PPP and Shell


What is PPP?

PPP (Point to Point Protocol) is a way of establishing a network connection over a phone line. PPP, the official serial line protocol of the Internet, is in many ways very similar to SLIP. PPP is more flexible than SLIP, though. PPP gathers important IP information from the server (the network being contacted), and allows other protocols beyond TCP/IP.

What does it do?

PPP allows a remote computer to become part of a network with only some software and a modem. When you connect to Interport using PPP, the connection has three main stages, or "layers:"
- The Physical Layer is the actual connection over a phone line of one computer to another. This is usually accomplished with a modem.
- The Network Layer is a software connection that establishes your computer as part of a TCP/IP network. In other words, your computer becomes part of the Internet, with it's own, unique IP address. This layer is accomplished with special software such as Trumpet Winsock, or Mac TCP and Mac PPP.
- The Application Layer describes the programs that you run to make use of this network connection. Netscape is an example of a network application.

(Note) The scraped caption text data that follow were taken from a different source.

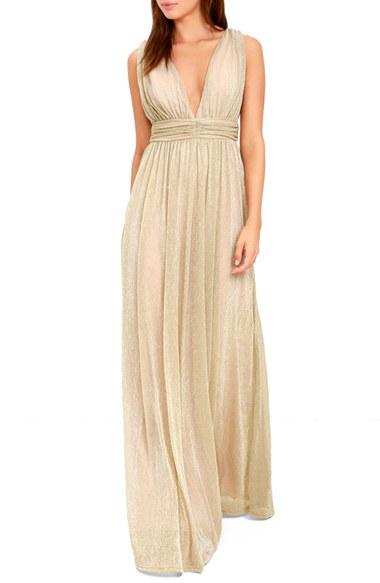 Women's Lulus Plunging Neck Metallic Gown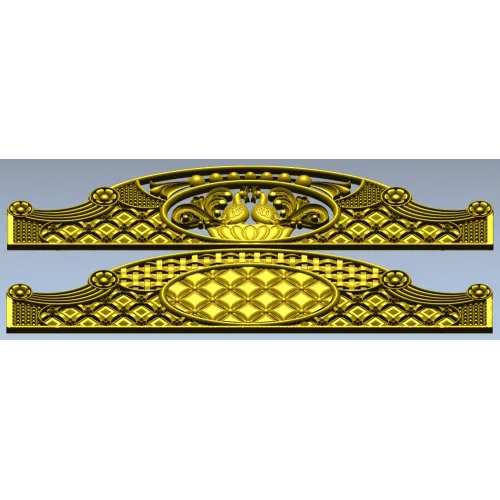 Headboard Frieze STL - Avian Cartouche & Tufted Medallion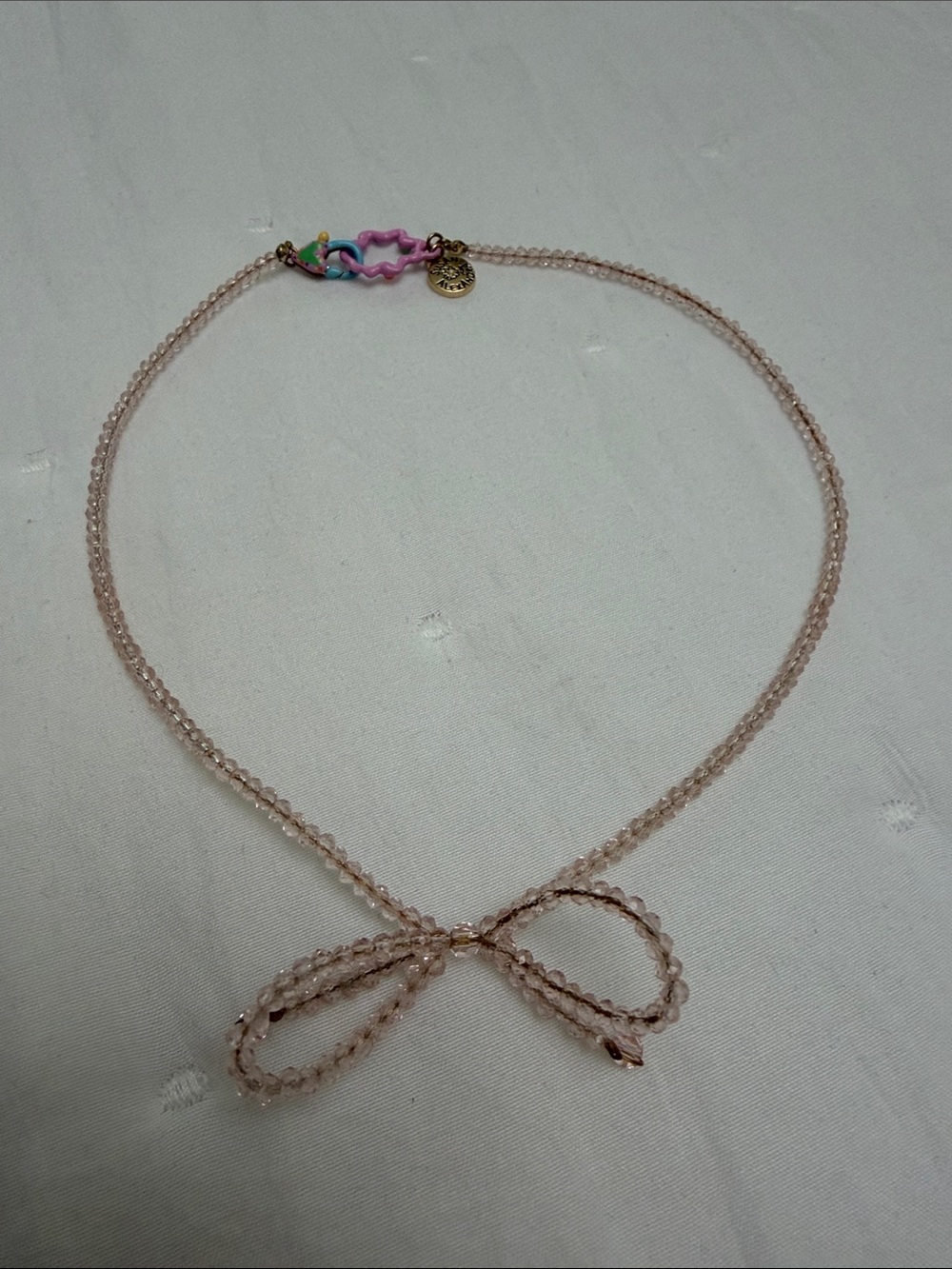 Susan Alexandra Pale Pink Beaded Bow Necklace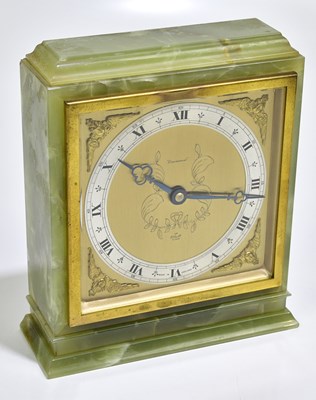 Lot 2266 - ELLIOTT; a large onyx mantel clock, the brass...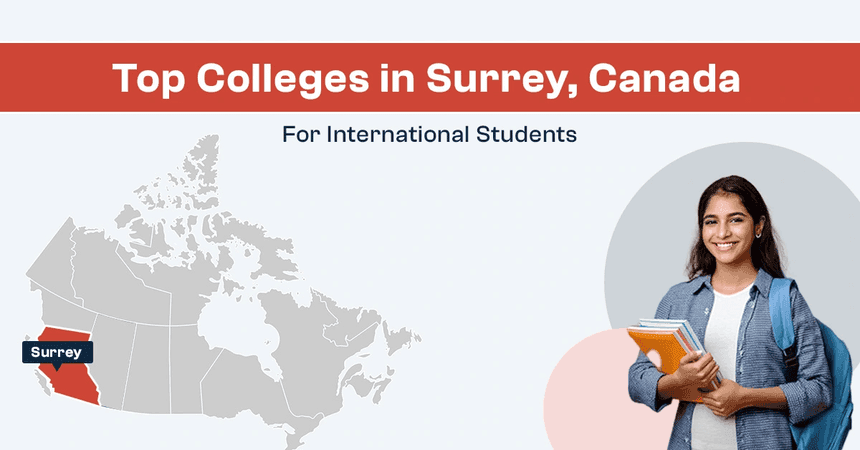 Top Colleges in Surrey, Canada for International Students Smiling international student holding books beside a map of Canada highlighting Surrey, showing top colleges in Surrey for international students.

How do I establish a PPP connection?

To establish a PPP network connection, you will need special software. SCESCAPE clients use Trumpet Winsock(PC) and Mac PPP(Mac). These programs are designed to use a modem to establish a connection (physical layer), and then use PPP protocol to establish a network connection. Once the network layer has been established, this network connection can be used by applications like Netscape.

What is Shell Access?

Before PPP, remote computers could only log in as dumb terminals of the the main system. This 'dumb terminal' mode is now called "Shell Access." Many people still prefer the high speed of using Shell access to the Internet, or using the main network for its resources. But most people prefer the flexibility that PPP allows.